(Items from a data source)
#####
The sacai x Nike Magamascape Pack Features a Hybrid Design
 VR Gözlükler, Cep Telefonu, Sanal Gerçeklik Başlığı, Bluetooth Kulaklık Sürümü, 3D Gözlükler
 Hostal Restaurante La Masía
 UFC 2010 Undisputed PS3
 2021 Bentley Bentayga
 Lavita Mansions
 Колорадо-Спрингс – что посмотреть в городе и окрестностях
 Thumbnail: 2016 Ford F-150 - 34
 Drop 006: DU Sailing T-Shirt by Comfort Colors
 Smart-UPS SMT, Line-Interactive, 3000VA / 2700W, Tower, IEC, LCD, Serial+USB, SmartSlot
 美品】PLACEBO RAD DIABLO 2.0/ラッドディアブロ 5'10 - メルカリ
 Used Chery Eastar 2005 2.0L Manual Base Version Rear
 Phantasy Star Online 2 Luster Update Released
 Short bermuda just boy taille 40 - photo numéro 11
#####
Problem to solve - Verbatim output is expected for the lines from the start of the data to the line in which "Drop 006: DU" appears, both included.

Response area -
The sacai x Nike Magamascape Pack Features a Hybrid Design
 VR Gözlükler, Cep Telefonu, Sanal Gerçeklik Başlığı, Bluetooth Kulaklık Sürümü, 3D Gözlükler
 Hostal Restaurante La Masía
 UFC 2010 Undisputed PS3
 2021 Bentley Bentayga
 Lavita Mansions
 Колорадо-Спрингс – что посмотреть в городе и окрестностях
 Thumbnail: 2016 Ford F-150 - 34
 Drop 006: DU Sailing T-Shirt by Comfort Colors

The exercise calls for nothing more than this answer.